Last night, I attended ANC 6B’s Special Committee on Retail Mix forum to discuss whether a liquor license moratorium is appropriate for Barracks Row. Xavier Cevera, owner of Molly Malone’s, Lola’s and the Chesapeake Room, was the only Barracks Row restaurant owner that attended and was thus the only panelist for the first half of the meeting (Mr. Cevera also plans to open Pacifico, one of new liquor licenses being protested by ANC 6B). Two retailers – Kathleen Clayton, owner of Labyrinth Games & Puzzles on Pennsylvania Ave. SE, and Manuel Cortez, owner of Groovy DC Cards & Gifts on Barracks Row – shared their thoughts on a second panel. Here are a few of the key points made by the panelists:
- In general, they did not support a liquor license moratorium on Barracks Row. Noise and safety do not seem to be major issues.
- Parking is a major problem. Potential solutions discussed included encouraging more customers to use the parking lot under the freeway, providing a trolley to take customers from the freeway lot to the 400 and 500 blocks of 8th Street SE, and providing incentives for restaurant employees to park in the freeway lot.
- Mr. Cevera said that Barracks Row is a “different animal” from the Adams Morgan and Dupont Circle neighborhoods. He continues to open restaurants on the row because it serves an “older, more mature, more adult crowd.”
- While they would like to see more retail on Barracks Row, panelists said that the rent levels, building size/space and a lack of foot traffic beyond the 500 block of the row are obstacles to retail on the row.
- Landlords seek out restaurants because restaurant owners can pay higher rents than retailers. Tax credits or other incentives for retail could help “level the playing field.”
- Ms.

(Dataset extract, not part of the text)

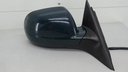 DSC01337.JPG
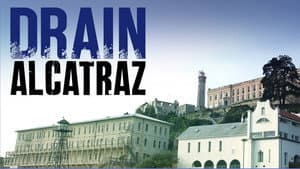 Drain Alcatraz — foto 5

Clayton said that her research determined that her business could not be successful on the 700 block of 8th Street SE due to a lack of foot traffic.
- Key Hill organizations – Barracks Row Main Street, CHAMPs, the BID – need to work together to improve advertising and create a sense that Capitol Hill is a destination. More signage that encourages people to visit retail and restaurants on various blocks would be helpful.
Overall, it was great to hear the perspectives of the panelists. I exited the event even more convinced that a liquor license moratorium is not the appropriate solution for Barracks Row. The obstacles to more retail on Barracks Row – the higher rents that restaurant owners can pay, the size of the space available, limited parking and the lack of foot traffic necessary to make retail successful – would not be addressed by a moratorium. Instead, a moratorium could halt the substantial progress we’ve seen on Barracks Row. A better solution is for ANC 6B to work with Barracks Row businesses and residents to address concerns about noise, crime and parking and to encourage the city to consider tax incentives that level the playing field for retail.
What do you think?
For those of you who haven’t been following this issue, I’ll post some background information shortly.